The Embedding Strategy: Capturing Meaning Across Domains

Semantic search is Tessera’s primary retrieval mechanism for conceptual matching, and the embedding strategy required careful thought. Off-the-shelf embeddings are trained on generic text. Tessera’s corpus is anything but generic.

The Domain Collision Problem

Standard embedding models cluster text by topic. Legal documents near legal documents. Technical discussions near technical discussions. But Tessera’s value is in finding structural similarity across domains. An email about legal risk and an email about technical debt might be structurally identical: irreversible commitment, asymmetric downside, stakeholder misalignment about severity.
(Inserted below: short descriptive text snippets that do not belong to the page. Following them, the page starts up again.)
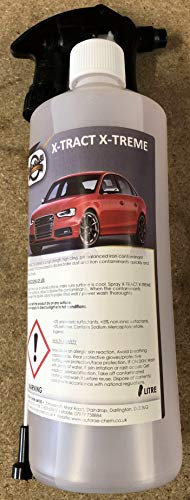 Xtract Xtreme Iron Fallout Remover – Alloy Wheel Cleaner & Car Decontamination Spray | Removes Iron Particles, Brake Dust & Rust Stains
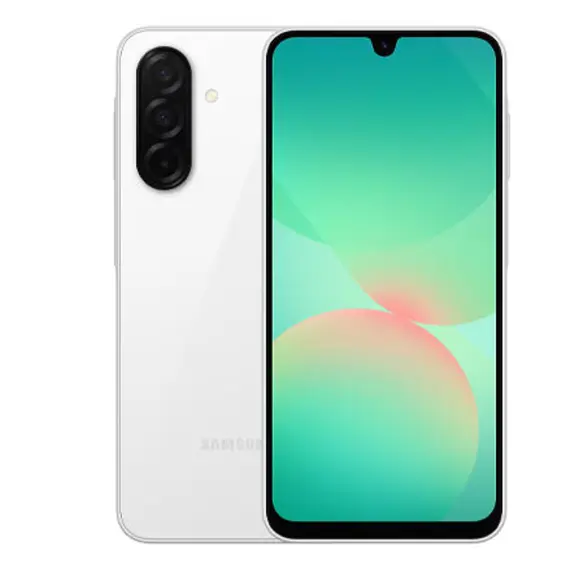 მობილური ტელეფონი Samsung A266BD Galaxy A26 Dual Sim 6GB RAM 128GB 5G White
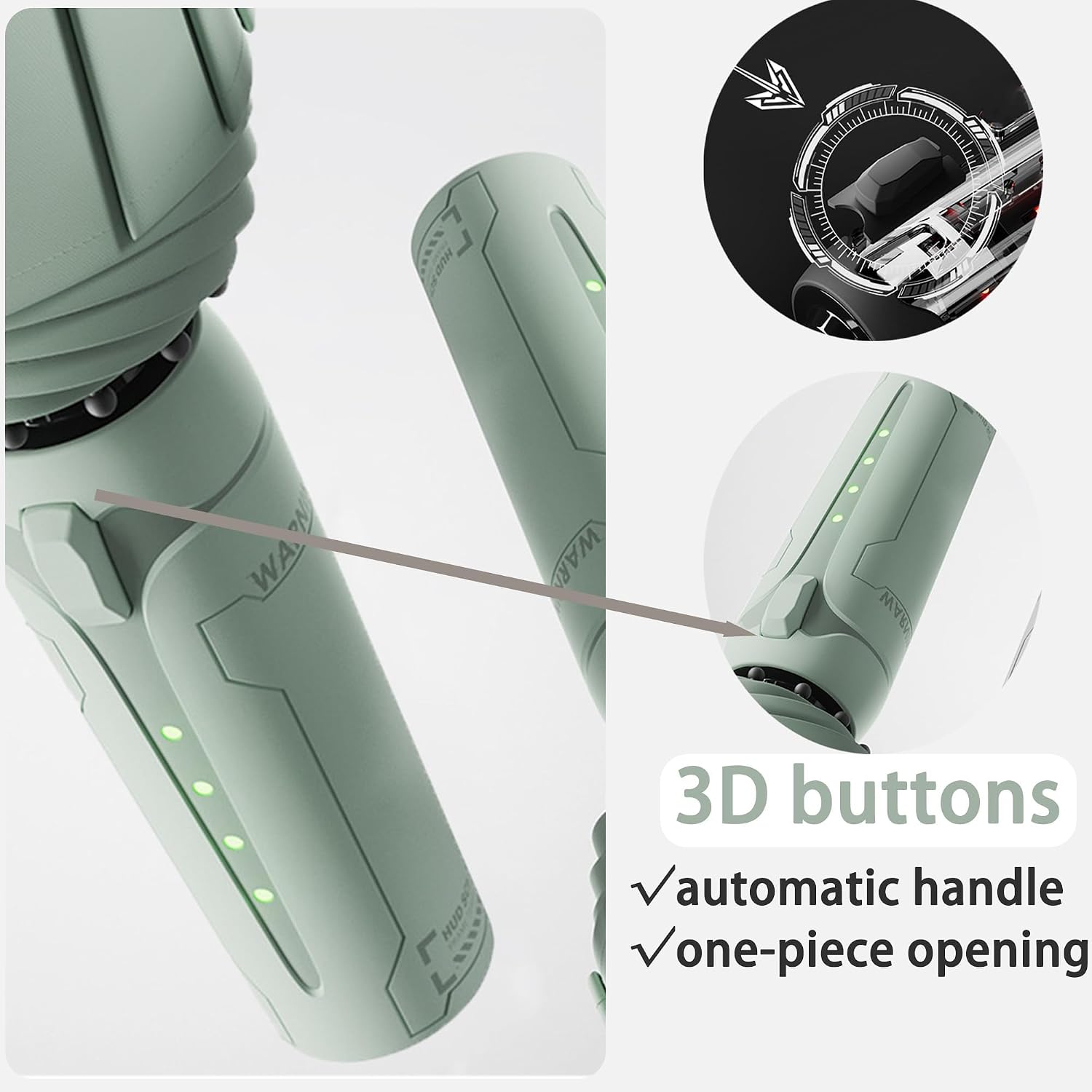 Thumbnail 3 de erised's bifrost Travel Folding Umbrella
I needed embeddings that capture decision structure, not topic. This required fine-tuning the embedding model on my corpus with a loss function that rewards structural similarity and penalizes surface-topic clustering.

The Fine-Tuning Approach

I built a contrastive training set from the extracted decisions. Pairs of decisions that share structural properties across different domains are positive examples. Decisions in the same domain with different structures are hard negatives. The model learns to embed the shape of the decision rather than the vocabulary of the domain.
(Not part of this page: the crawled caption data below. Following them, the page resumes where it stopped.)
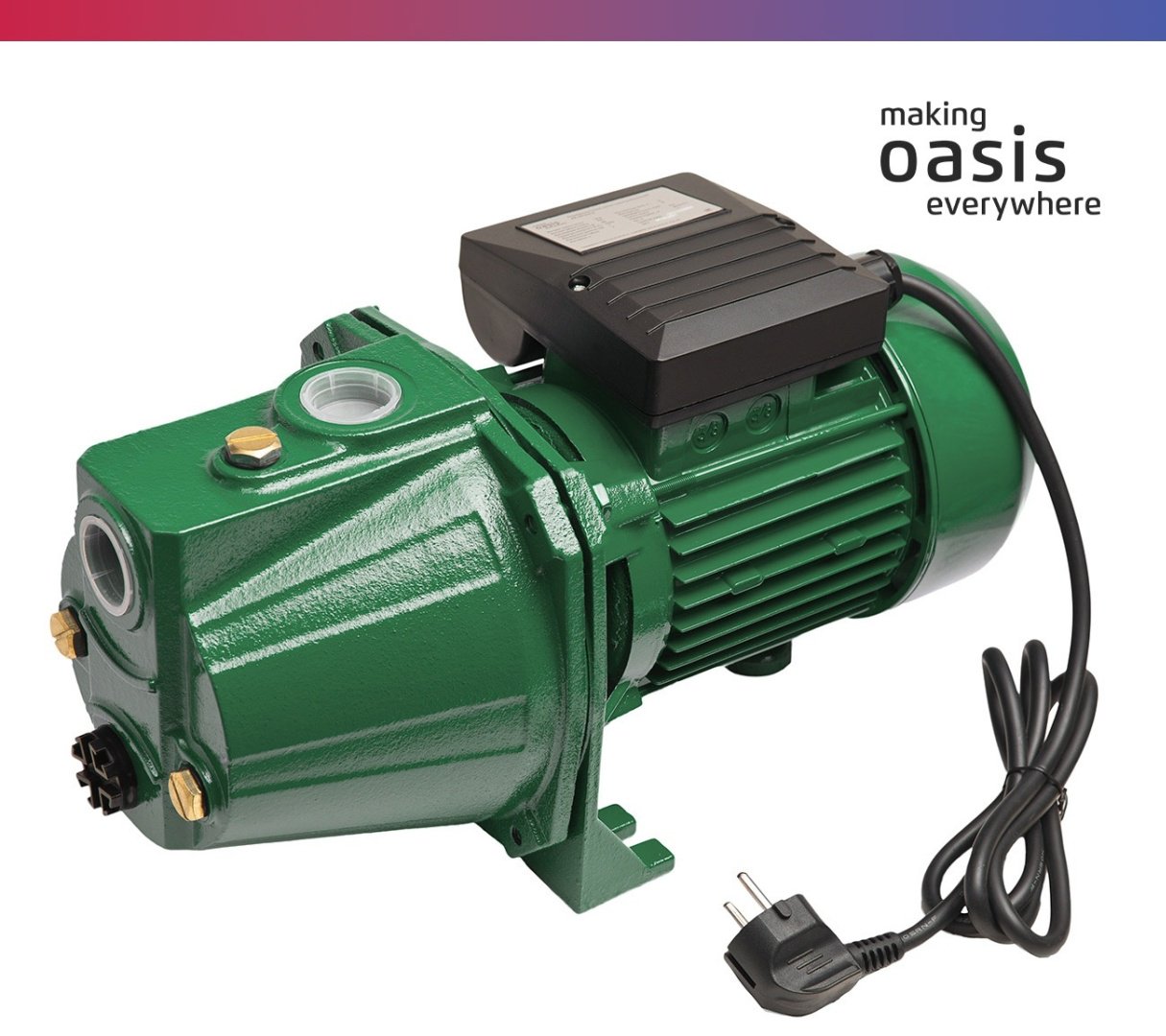 Насос поверхностный самовсасывающий Oasis P 60/45CA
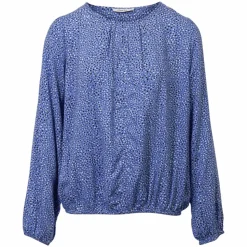 ChaCha Dame Bluse - Blue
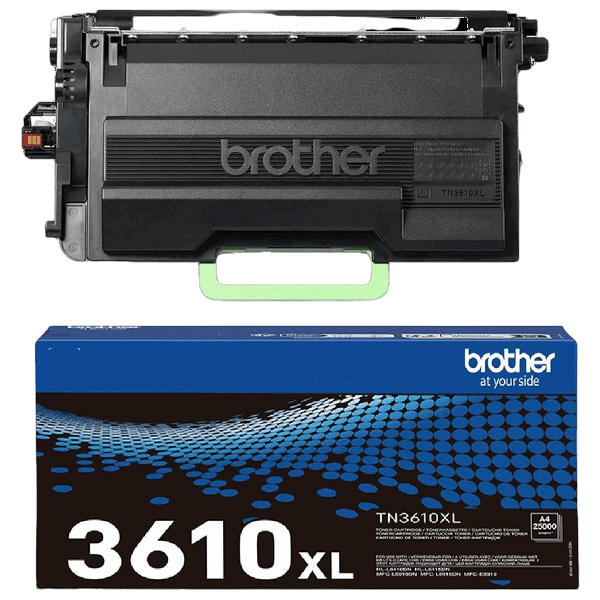 Brother TN3610XL XXL svart original toner 25000 sider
The base model is small enough to run on CPU for inference, approximately 400MB, maintaining the air-gap and commodity-hardware requirements. Fine-tuning completed in six hours on a single consumer GPU.

Results

Cross-domain retrieval accuracy improved dramatically. A query framed as a technical architecture question now retrieves relevant legal and operational precedents when the decision structure matches. This is the integration layer made computational. Tessera finds precedent the way I find precedent: by recognizing the shape of the problem, not the vocabulary.